Those of us who follow the climate debate are well aware of targets - often expressed as a percentage of 1990 emissions. Now it would be nice to believe that they choose 1990 as being the year that I started work in the sector, but it's really just a convenient baseline, roughly matching the break up of the Soviet empire and a couple of years before the seminal Earth Summit in Rio. So we have ended up with an abacus of number - 20% improvements in energy efficiency by 2020, 30% cuts in CO2, the main gas causing climate change, by 2030 and 80% cuts by 2050. So just when you are wondering whether we will meet any of those targets, here's a new one: full decarbonisation by 2100. Suddenly the goalposts have moved from 35 years to 85. Is 85 the new 35 - and does it matter?

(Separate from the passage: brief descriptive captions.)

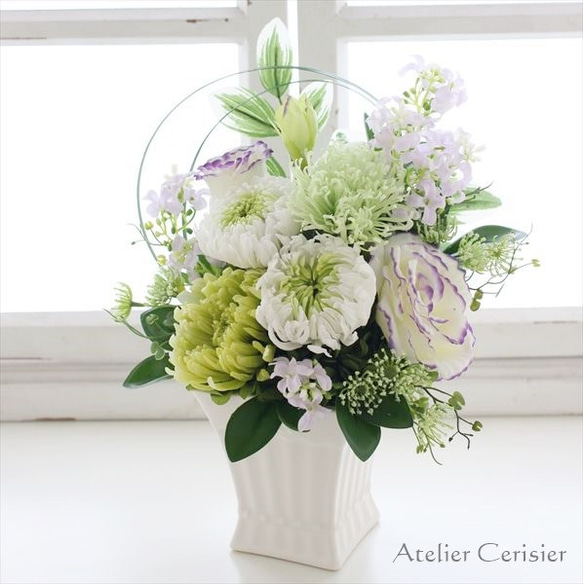 輪菊の仏花 Mサイズ（白緑）お供え花 プリザーブドフラワー 白花器 3枚目の画像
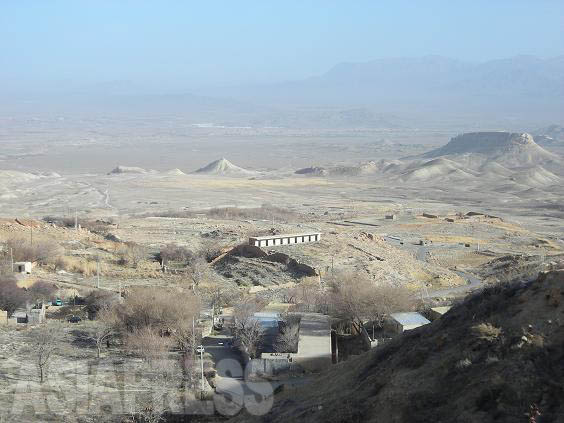 宿の裏手の丘からは、イランらしい乾いた平原の景色が一望できる。（イラン・マハッラート温泉）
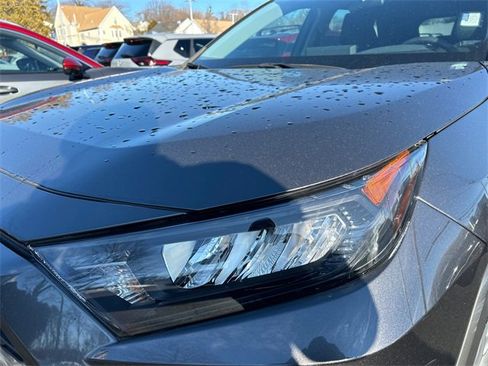 Used 2022 Toyota RAV4 LE image 7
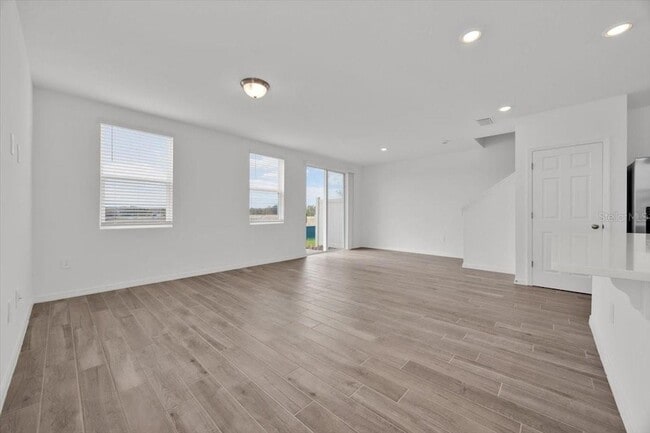 Building Photo - 16475 Happy Eagle Dr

"The benchmark is the two-degree ceiling on global warming. The impacts of climate change will only be controllable to any degree if we manage to keep global temperature rise down to no more than 2° Celsius as compared to the pre-industrial period"Merkel explained. French President François Hollande, who will be hosting the Paris conference marking 20 years from Kyoto on climate change this autumn, stressed that the national emission reduction targets announced so far fall well short of what is needed to keep global warming under the two-degree ceiling and noted that so far only 40 of the 194 countries planned to attend have published targets.
Merkel and Hollande jointly called on the international community to completely renounce the use of oil, gas and coal over by 2100.
"All energy needs should be met using renewable sources. We must decarbonise our economies in the 21st century,"added the German Chancellor.
So will it happen, or will the cynics be proved right? I am hopeful that it can, and believe that it is quite helpful to have a very long term goal - not least to give us a point against which to recalibrate if we slip, as I fear we inevitably will, on some of the intermediate ones. And is it achievable? With political will - which must include the USA, China, Russia and key developing countries as well as Britain and other EU countries - yes. 85 years is still a long way away, although young children alive today in developed countries will probably live to see it.